Prompt ▸
Print the line containing "Willa Dobrylko II -Apartamenty レバ エクステリア 写真" and all lines after it, unchanged, through the end of the data. Leave the pictures out.
----------------
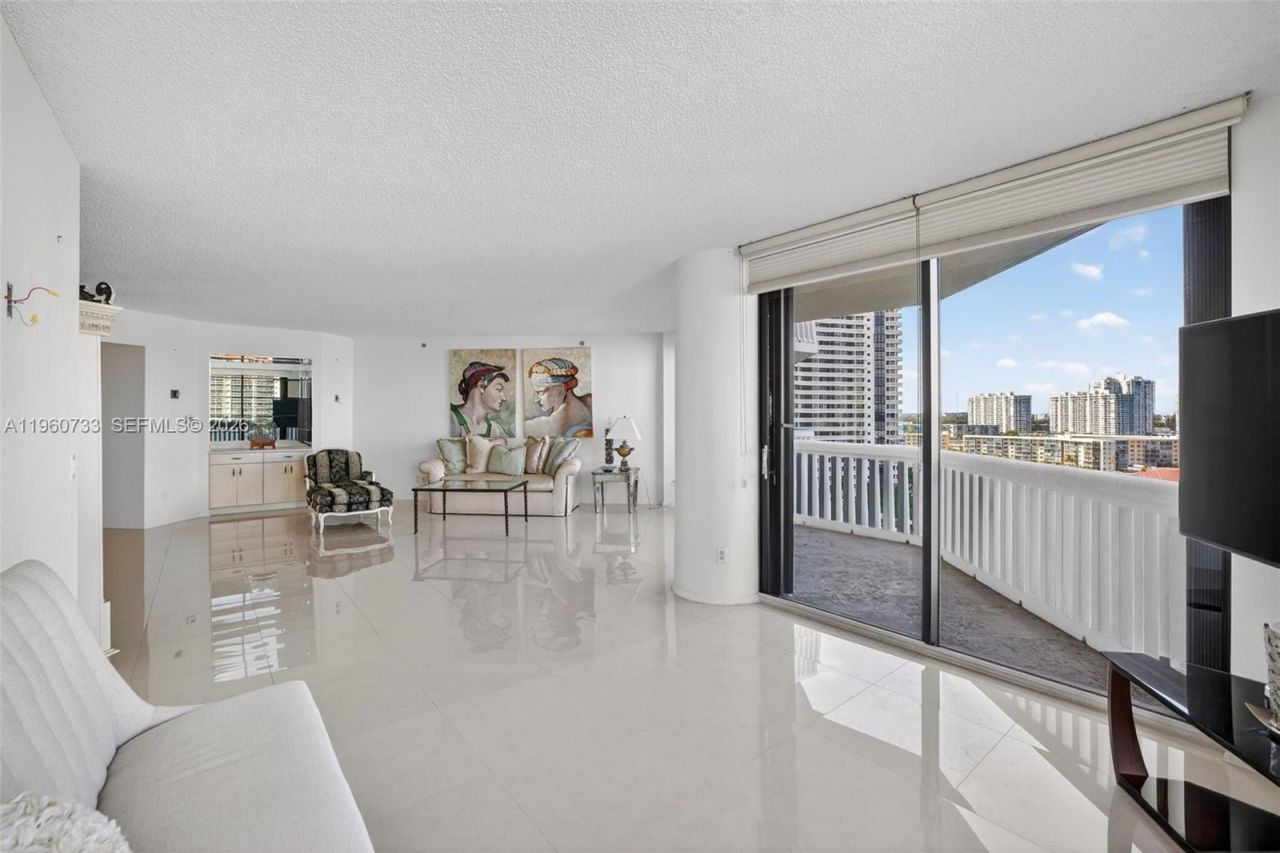 2000 Island Bl, Unit 1109, Aventura, FL 33160 Photo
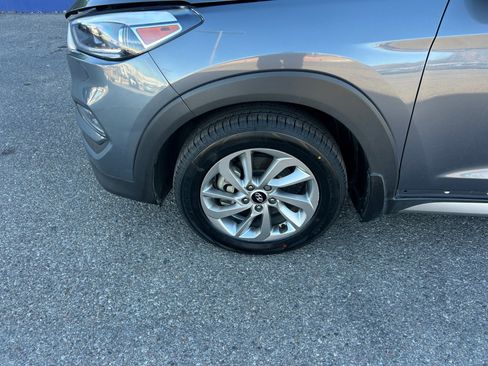 Used 2017 Hyundai Tucson SE image 10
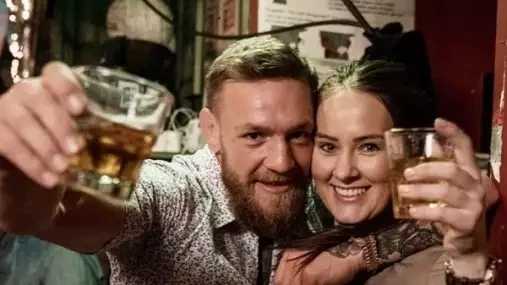 Kolik vydělá McGregor za zápas s Poirierem? Průměrný Čech by na takovou výplatu musel pracovat přes 500 let!
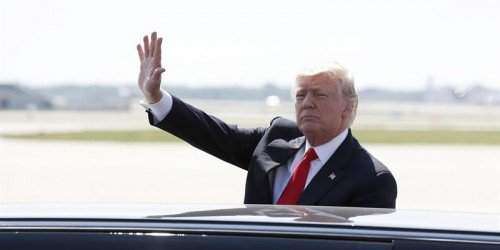Trump finaliza agitadas vacaciones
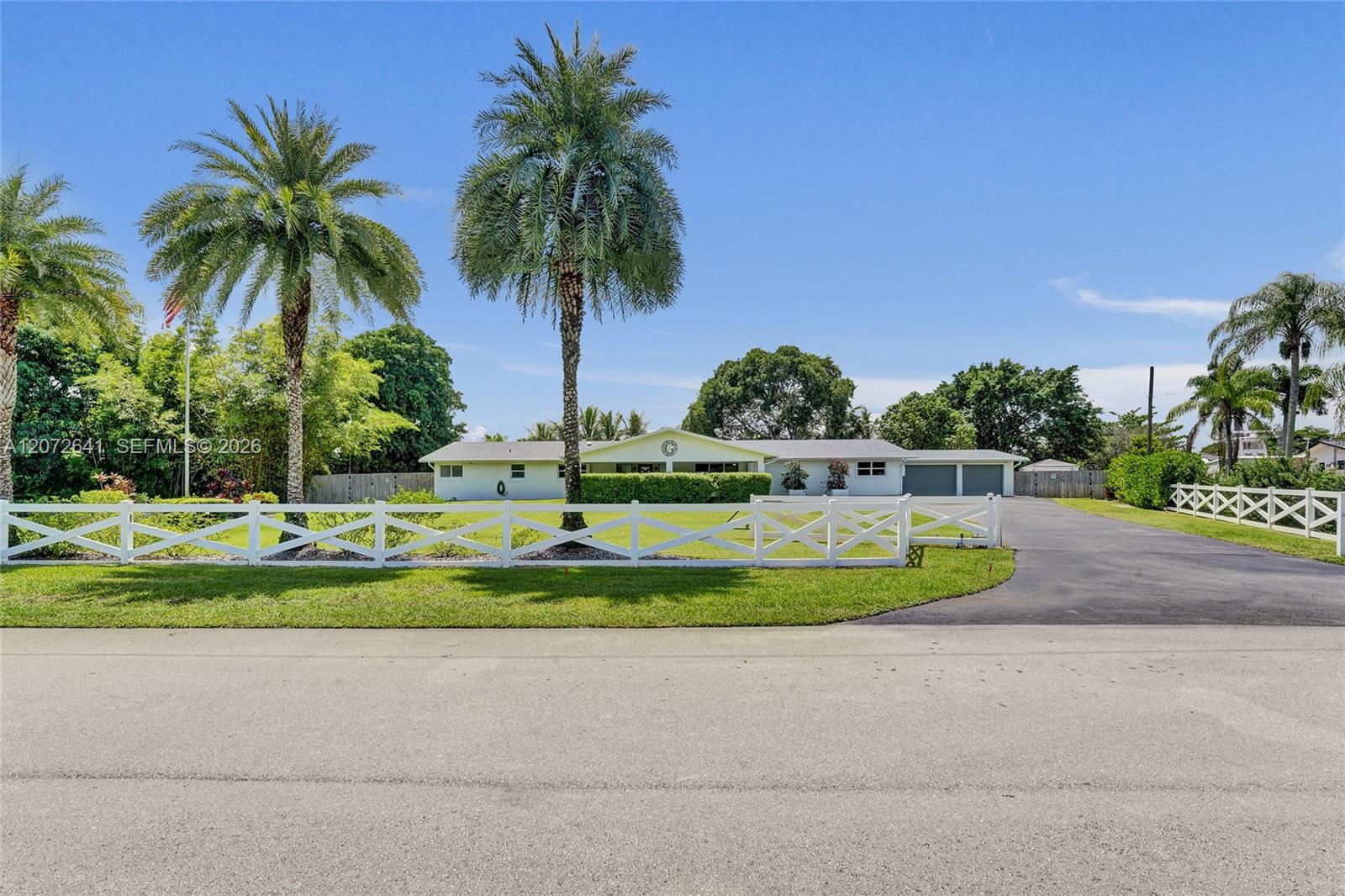 10880 Sw 25th Street Property Photo 2
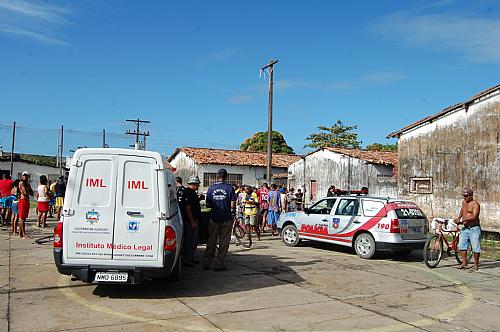 Mulher foi executada a tiros dentro de centro social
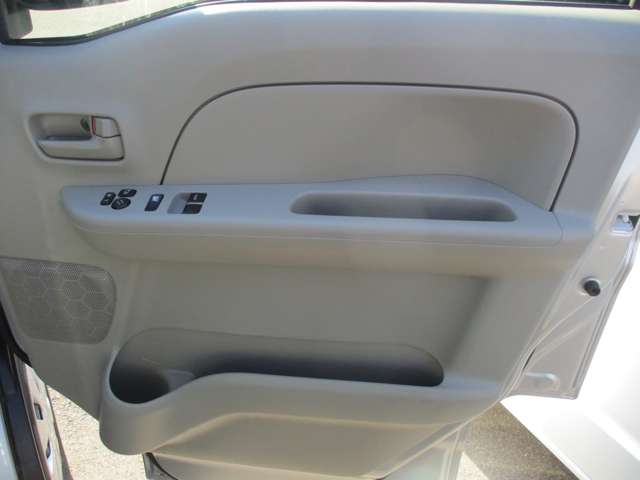 Nissan NV100 Clipper 12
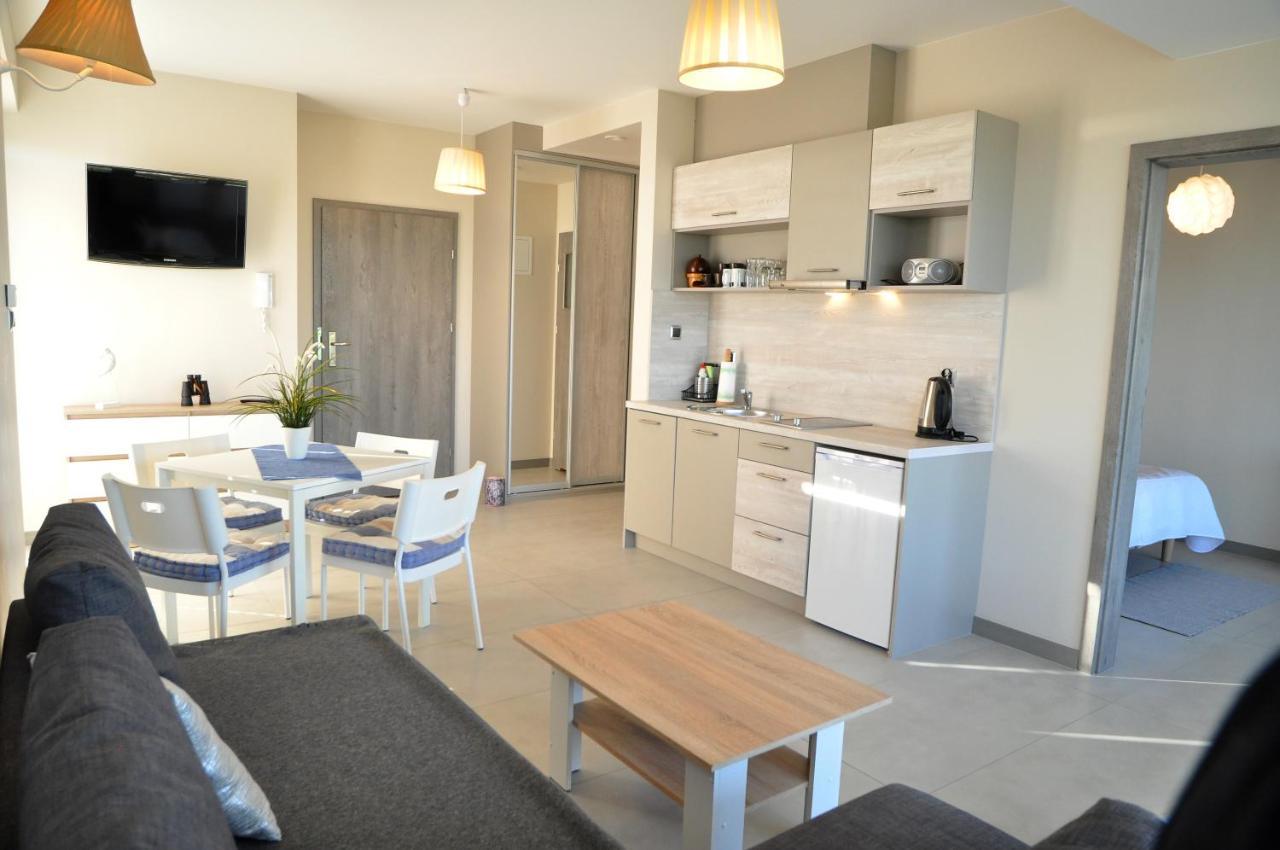 Willa Dobrylko II -Apartamenty レバ エクステリア 写真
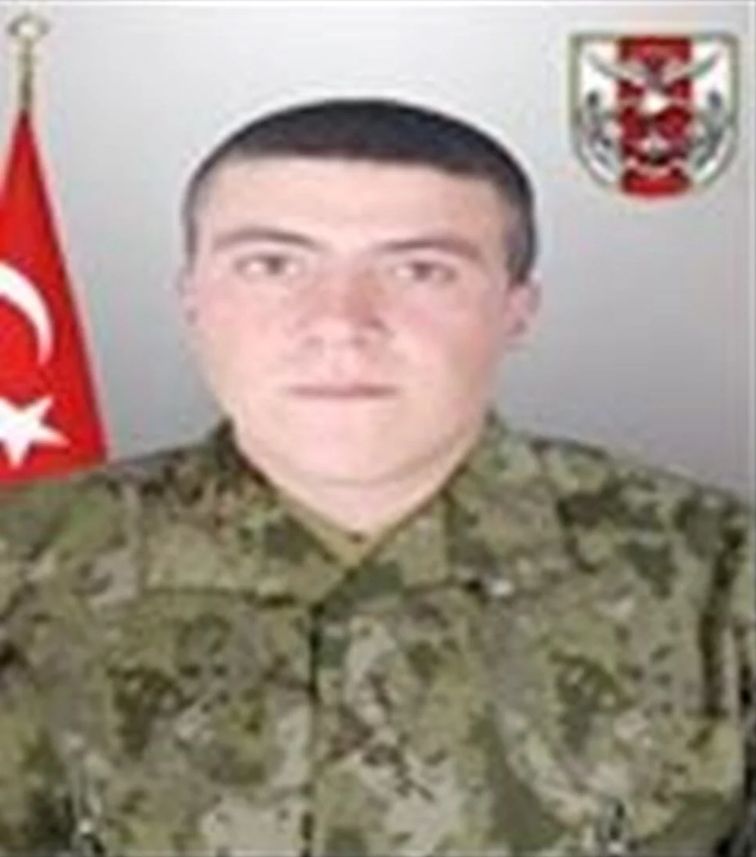 Türkiye şehitlerini son yolculuklarına uğurladı: Gözyaşlarıyla veda... 8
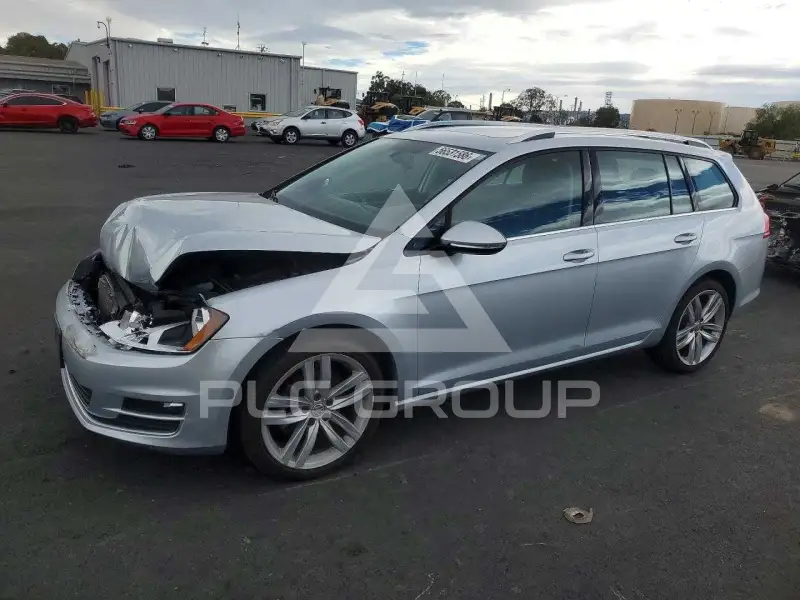 2015 Volkswagen GOLF photo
----------------
Output of the task ▸
 Willa Dobrylko II -Apartamenty レバ エクステリア 写真
 Türkiye şehitlerini son yolculuklarına uğurladı: Gözyaşlarıyla veda... 8
 2015 Volkswagen GOLF photo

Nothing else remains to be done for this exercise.